Discussion in 'Basses [BG]' started by AphekGreg, Apr 14, 2016.


  1. I found this a while back. The schematic for the op-amp based 3 band eq. I believe they used a discrete (transistor) circuit on the earlier models. This one is definitely the same as the pre in my '81.

    I rarely used the eq when I owned mine originally and I don't think my mate ever used it. It didn't work when I bought it back, but fortunately it was just a lead from the battery that had come off the output jack. Listening to it, I thought it was a good eq, but a little thin and there has always been a level drop when it's engaged and everything is flat. I decided to remove the op-amp and insert a socket to enable experimenting with other chips. Mine had a NEC 4558, but I'd seen others with the 'legendary' JRC 4558, as used in the Tube Screamers and other Ibanez pedals of the same era. I had one of those, so thought I'd start by trying it. I was surprised to find it made a big difference. The eq is fatter and it's pretty much unity gain when engaged and all the knobs are at their center detent flat positions. Nice. I want to try a 5532, but don't seem to have one on hand.

    ibanez 3 band eq schematic.
     
    Goad and bjelkeman like this.
  2. P. Aaron

    P. Aaron Supporting Member

    I had an '89 924 Studio model. Judging from the catalogue pics posted. I really liked it but found the Fender tone working better. I prefer that look to today's Ibanez line of basses.

    Looks matter to this vain & shallow player. IF there was a 5-string version, I'd probably be in obsession mode.
     
    Ductapeman likes this.
  3. Abner

    Abner

    Jan 2, 2011
    Mississauga
    Absolutely agree. With most of your statements. :D Killer looks. Still my favourite body shape and headstock. And nothing wrong with a little vanity. ;)

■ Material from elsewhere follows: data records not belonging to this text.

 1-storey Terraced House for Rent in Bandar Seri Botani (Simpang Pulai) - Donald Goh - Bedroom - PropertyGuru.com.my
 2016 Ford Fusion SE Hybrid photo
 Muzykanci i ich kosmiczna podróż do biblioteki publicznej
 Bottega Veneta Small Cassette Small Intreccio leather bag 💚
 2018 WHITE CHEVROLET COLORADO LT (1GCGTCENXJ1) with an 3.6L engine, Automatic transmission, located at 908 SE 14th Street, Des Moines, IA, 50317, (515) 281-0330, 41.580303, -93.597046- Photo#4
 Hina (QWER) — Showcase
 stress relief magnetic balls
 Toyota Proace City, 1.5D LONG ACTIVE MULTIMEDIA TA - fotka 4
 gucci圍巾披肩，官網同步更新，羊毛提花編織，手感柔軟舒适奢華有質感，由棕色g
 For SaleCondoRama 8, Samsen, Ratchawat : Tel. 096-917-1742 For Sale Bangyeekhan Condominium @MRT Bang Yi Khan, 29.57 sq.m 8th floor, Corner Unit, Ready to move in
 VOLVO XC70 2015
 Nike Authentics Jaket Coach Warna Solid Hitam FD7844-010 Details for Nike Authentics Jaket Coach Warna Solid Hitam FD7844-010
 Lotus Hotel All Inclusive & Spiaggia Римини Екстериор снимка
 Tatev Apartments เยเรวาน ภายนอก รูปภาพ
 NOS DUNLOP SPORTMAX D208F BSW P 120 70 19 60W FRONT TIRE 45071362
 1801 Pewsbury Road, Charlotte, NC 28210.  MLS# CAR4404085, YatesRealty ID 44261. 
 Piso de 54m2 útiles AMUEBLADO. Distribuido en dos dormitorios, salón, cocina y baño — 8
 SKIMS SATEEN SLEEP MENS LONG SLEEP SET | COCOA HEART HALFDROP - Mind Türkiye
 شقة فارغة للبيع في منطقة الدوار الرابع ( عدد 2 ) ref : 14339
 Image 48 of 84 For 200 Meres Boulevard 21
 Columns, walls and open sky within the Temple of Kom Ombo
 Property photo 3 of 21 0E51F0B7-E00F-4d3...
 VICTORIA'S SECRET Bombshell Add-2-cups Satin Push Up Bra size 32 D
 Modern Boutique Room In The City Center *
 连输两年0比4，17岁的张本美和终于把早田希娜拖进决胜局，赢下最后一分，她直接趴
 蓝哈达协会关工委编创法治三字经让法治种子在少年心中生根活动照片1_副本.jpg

    As for the Fender sound, perhaps you should have tried one of the Roadsters — same shape as the Musicians and Studios, but bolt-on neck, maple fingerboard, and P/J pickups.
     
    aguacollas and lesliegl like this.
  4. Abner

    Abner

    Jan 2, 2011
    Mississauga
    Hey Greg, I posted a similar pic to your schematic a couple of years ago in another thread, except I modified it slightly to show actual values of the bass version. I think the original versions of these schematics are for the six-string guitars. Mine is for the 1982 version with no gain pot, and yours seems to be the earlier version with the gain pot on the first stage.

    First, the wiring diagram. This one is for the earlier Super-4 version with pickup selector switch and gain control:
    mc924.

    Next is the wiring diagram for the 1982 and later version, pickup balance pot, no gain: Ibanez MC924-940 (1982).

    And then the actual schematic. This is also for the 1982 and later version, with connection letters corresponding to the diagram above. Note there is a green wire "j" that comes off the eq board which does not go anywhere: MC-924 eq (1982).
    -Alex
     
    bjelkeman likes this.
  5. I could have used that first diagram last week when I was replacing the output jack. The nut had been cross threaded on mine at some point and wouldn't move at all. The screw shaft had then separated from the rest of the plug, so a bit unstable. Ended up having to destroy the old one to remove it. The output jack has the ground wires soldered to the metal on the sides, which isn't shown in that diagram.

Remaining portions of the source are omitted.